Instructions for the task
Give back the whole listing word for word and skip each picture.

Supplied information
=== Section Start ===
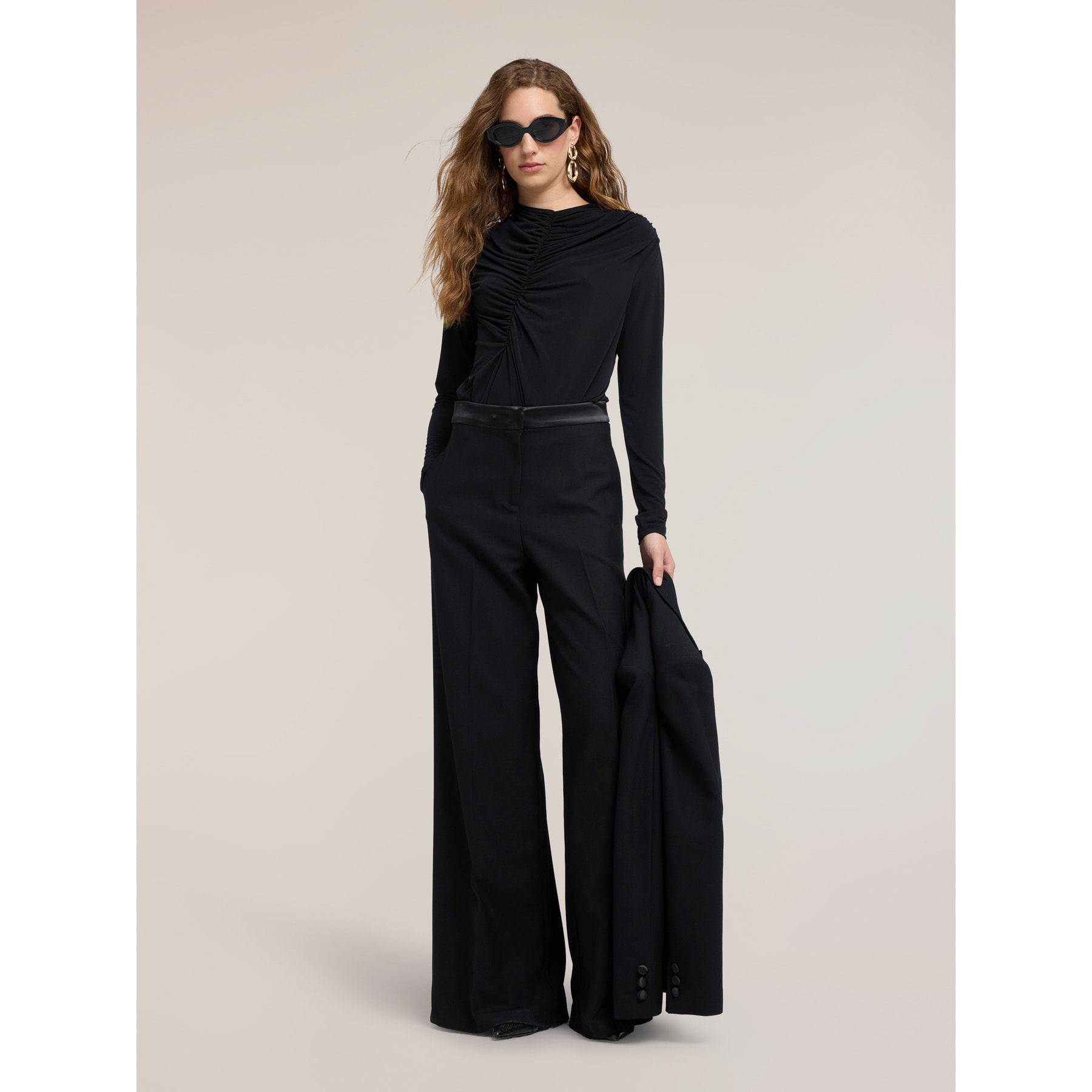 Motivi - Body con drappeggio e maniche lunghe - Nero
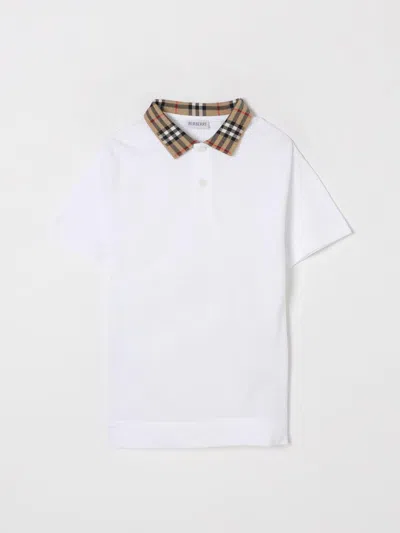 Burberry Boys White Check Polo Shirt In White
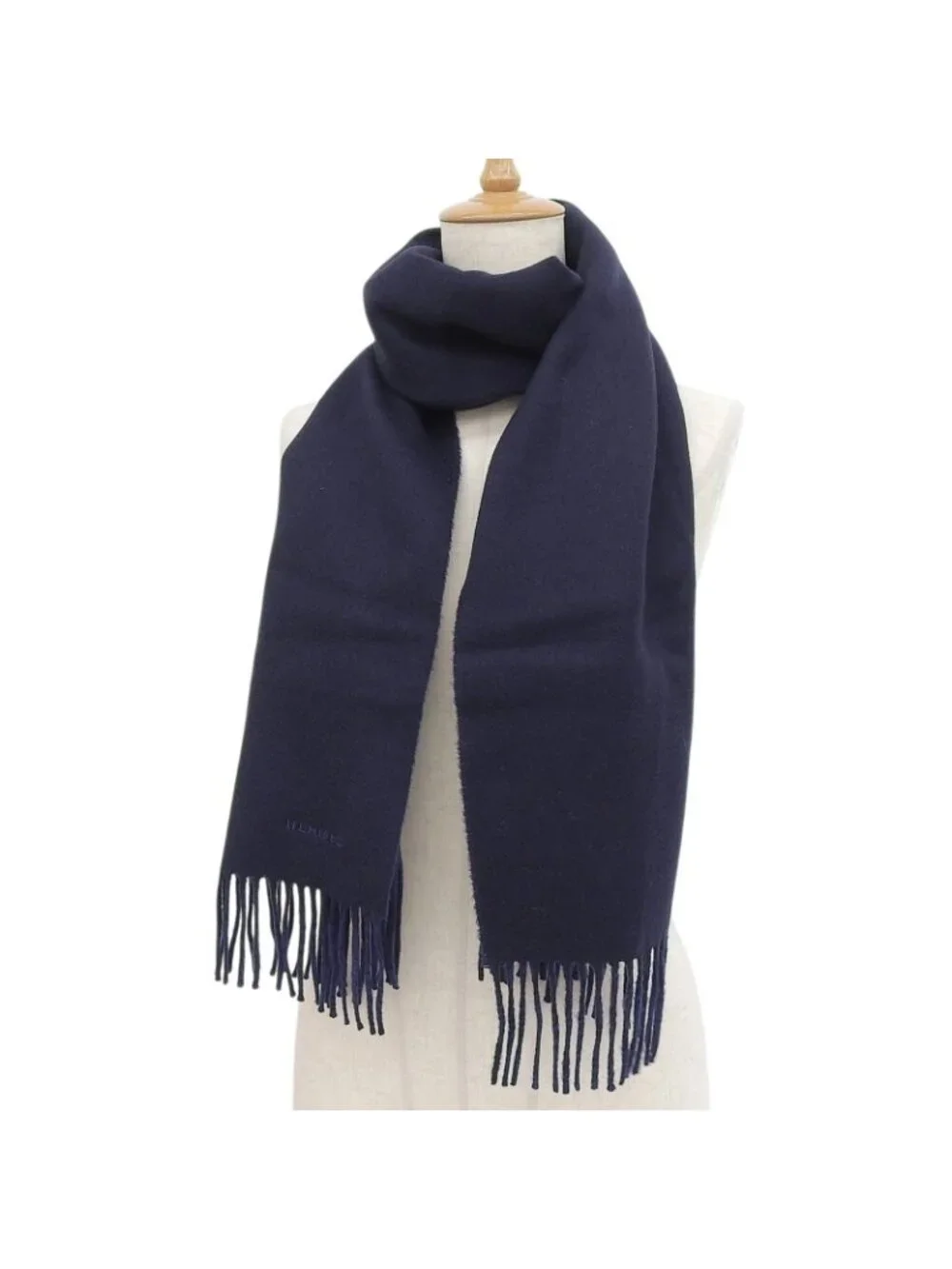 Hermes Rectoverso Cashmere Marine Ocean Bicolor Logo Embroidery Scarf with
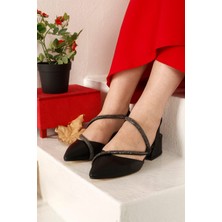 Ccway Kadın Taşlı Günlük Topuklu Ayakkabı SİYAH CİLT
=== Section End ===
Worked solution
 Motivi - Body con drappeggio e maniche lunghe - Nero
 Burberry Boys White Check Polo Shirt In White
 Hermes Rectoverso Cashmere Marine Ocean Bicolor Logo Embroidery Scarf with
 Ccway Kadın Taşlı Günlük Topuklu Ayakkabı SİYAH CİLT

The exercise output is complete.